INPUT DATA START

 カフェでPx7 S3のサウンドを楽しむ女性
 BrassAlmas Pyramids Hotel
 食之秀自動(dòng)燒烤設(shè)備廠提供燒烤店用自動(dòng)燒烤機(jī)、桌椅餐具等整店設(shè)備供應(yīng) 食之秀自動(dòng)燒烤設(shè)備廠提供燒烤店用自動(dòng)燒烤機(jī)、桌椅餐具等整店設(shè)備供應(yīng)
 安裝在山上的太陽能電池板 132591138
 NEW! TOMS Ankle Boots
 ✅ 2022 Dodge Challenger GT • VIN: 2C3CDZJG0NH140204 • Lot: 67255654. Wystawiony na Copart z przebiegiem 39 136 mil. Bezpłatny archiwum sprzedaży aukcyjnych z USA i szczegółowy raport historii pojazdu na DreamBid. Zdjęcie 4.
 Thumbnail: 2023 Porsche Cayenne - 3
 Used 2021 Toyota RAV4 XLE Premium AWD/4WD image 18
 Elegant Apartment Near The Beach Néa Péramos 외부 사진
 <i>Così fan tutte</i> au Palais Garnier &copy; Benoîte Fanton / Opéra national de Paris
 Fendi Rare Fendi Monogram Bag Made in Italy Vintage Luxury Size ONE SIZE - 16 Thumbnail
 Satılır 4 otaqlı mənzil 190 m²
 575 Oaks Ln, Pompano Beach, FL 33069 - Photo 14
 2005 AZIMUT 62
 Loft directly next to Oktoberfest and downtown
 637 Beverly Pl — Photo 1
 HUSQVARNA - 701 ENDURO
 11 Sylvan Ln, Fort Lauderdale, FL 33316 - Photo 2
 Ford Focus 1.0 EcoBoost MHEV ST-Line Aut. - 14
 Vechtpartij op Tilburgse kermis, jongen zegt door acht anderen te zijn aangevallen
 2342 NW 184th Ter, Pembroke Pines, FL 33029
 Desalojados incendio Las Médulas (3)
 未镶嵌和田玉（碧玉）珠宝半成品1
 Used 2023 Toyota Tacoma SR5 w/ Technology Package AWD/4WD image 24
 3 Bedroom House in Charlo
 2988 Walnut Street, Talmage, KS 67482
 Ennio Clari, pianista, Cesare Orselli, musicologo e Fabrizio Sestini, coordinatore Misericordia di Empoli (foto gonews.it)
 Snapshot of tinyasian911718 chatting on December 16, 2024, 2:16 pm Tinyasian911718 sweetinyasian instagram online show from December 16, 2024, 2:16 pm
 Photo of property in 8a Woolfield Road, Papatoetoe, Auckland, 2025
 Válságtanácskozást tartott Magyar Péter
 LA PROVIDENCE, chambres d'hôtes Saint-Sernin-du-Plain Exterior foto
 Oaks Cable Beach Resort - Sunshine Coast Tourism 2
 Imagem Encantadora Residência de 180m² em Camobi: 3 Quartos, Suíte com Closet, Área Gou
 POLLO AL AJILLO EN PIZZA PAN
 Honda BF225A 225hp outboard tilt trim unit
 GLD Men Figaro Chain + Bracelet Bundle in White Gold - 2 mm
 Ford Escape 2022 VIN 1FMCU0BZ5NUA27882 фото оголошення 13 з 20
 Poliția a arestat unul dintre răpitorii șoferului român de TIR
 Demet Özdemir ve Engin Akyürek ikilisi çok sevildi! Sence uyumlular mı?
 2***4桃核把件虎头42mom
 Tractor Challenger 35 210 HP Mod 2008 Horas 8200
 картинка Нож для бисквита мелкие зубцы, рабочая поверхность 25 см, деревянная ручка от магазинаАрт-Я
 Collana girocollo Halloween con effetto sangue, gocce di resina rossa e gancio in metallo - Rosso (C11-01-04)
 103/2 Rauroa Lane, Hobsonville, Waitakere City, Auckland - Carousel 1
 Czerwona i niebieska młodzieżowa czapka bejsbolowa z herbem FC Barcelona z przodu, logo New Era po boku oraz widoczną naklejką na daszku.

INPUT DATA END

PROBLEM TO WORK ON:
Could you repeat exactly the lines above from the line with "Imagem Encantadora Residência" up to and including the line with "2***4桃核把件虎头42mom", and only those?

SOLUTION:
 Imagem Encantadora Residência de 180m² em Camobi: 3 Quartos, Suíte com Closet, Área Gou
 POLLO AL AJILLO EN PIZZA PAN
 Honda BF225A 225hp outboard tilt trim unit
 GLD Men Figaro Chain + Bracelet Bundle in White Gold - 2 mm
 Ford Escape 2022 VIN 1FMCU0BZ5NUA27882 фото оголошення 13 з 20
 Poliția a arestat unul dintre răpitorii șoferului român de TIR
 Demet Özdemir ve Engin Akyürek ikilisi çok sevildi! Sence uyumlular mı?
 2***4桃核把件虎头42mom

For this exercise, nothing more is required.